Compeat Carrot Cake


  • 1 cup self-raising wholemeal flour
  • 1 tsp salt
  • 2 tsp ground cinnamon
  • 1/2 cup olive oil
  • 1/2 cup brown sugar
  • 1 tsp vanilla essence
  • 2 eggs
  • 1 1/2 cups grated carrot
  • 1/4 cup medjool dates
  • 1/2 cup walnuts
  • 1/4 cup dried cranberries
  • pepitas


  • Prep Ingredients: Pit the medjool dates and cut them into chunks. Chop the walnuts.
  • Preheat oven to 180°C
  • In a medium bowl combine flour, salt and cinnamon and stir until well combined.
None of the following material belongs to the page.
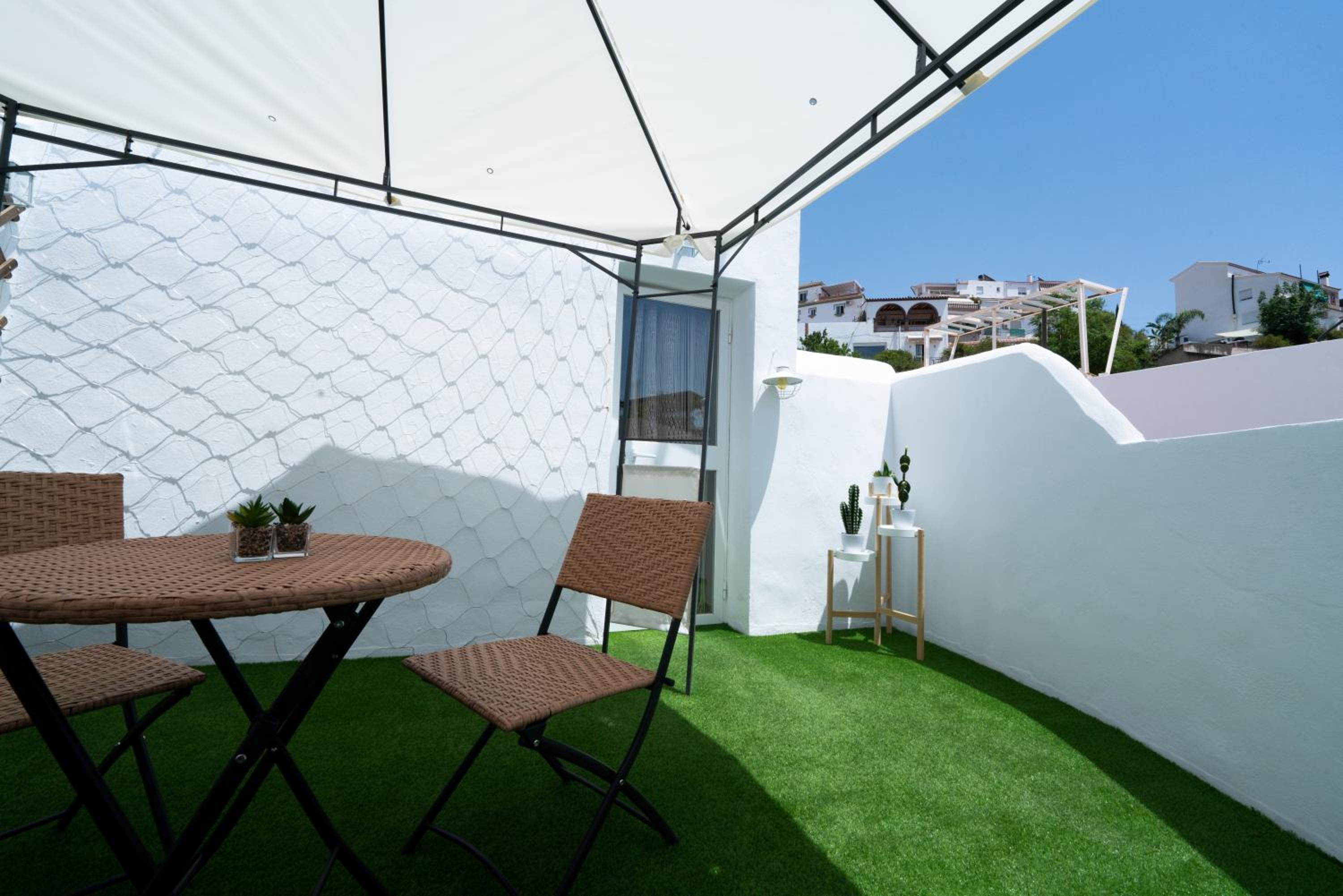 Double or Twin Room with Terrace photo 2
  • In a separate bowl, whisk olive oil, sugar, vanilla essence and eggs. Ensure the mixture is well combined.
  • Add the dry ingredients into the wet mixture using a spatula, ensuring the batter is as smooth as possible.
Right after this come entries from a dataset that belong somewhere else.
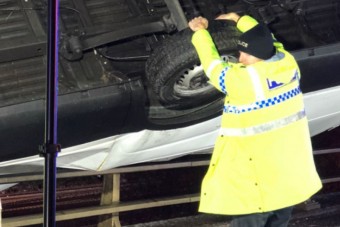 Kezével tartotta a hídról lógó furgont ez az angol rendőr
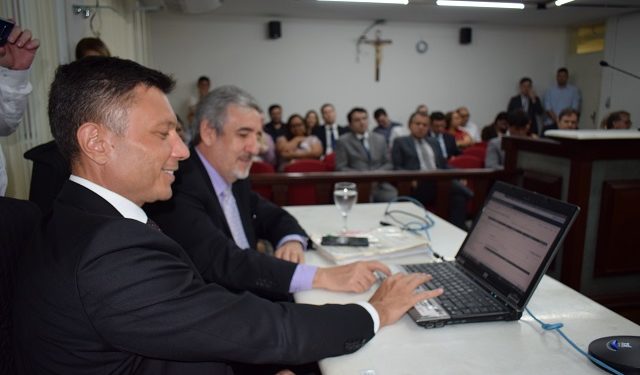 Força-tarefa do SEEU atua em rede para implantar processos pelo país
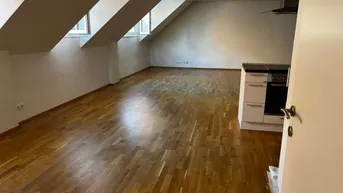 Expose 5-Zimmer Altbau-Dachgeschoss mit Terrasse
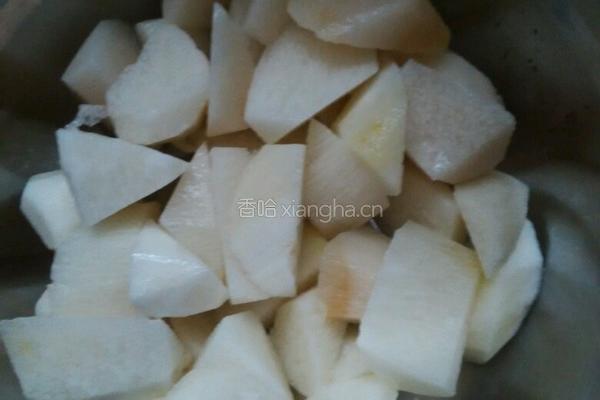 肉片松蛾炖山药的做法图解2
  • Stir in carrots, date chunks, walnuts and dried cranberries to the mixture.
  • Grease a large non-stick loaf tin. Pour batter into the tin an distribute evenly.
  • Top with Pepitas and bake for 35-45 minutes or until a toothpick inserted into the center comes out clean.
  • Allow to cool for an additional 15 minutes.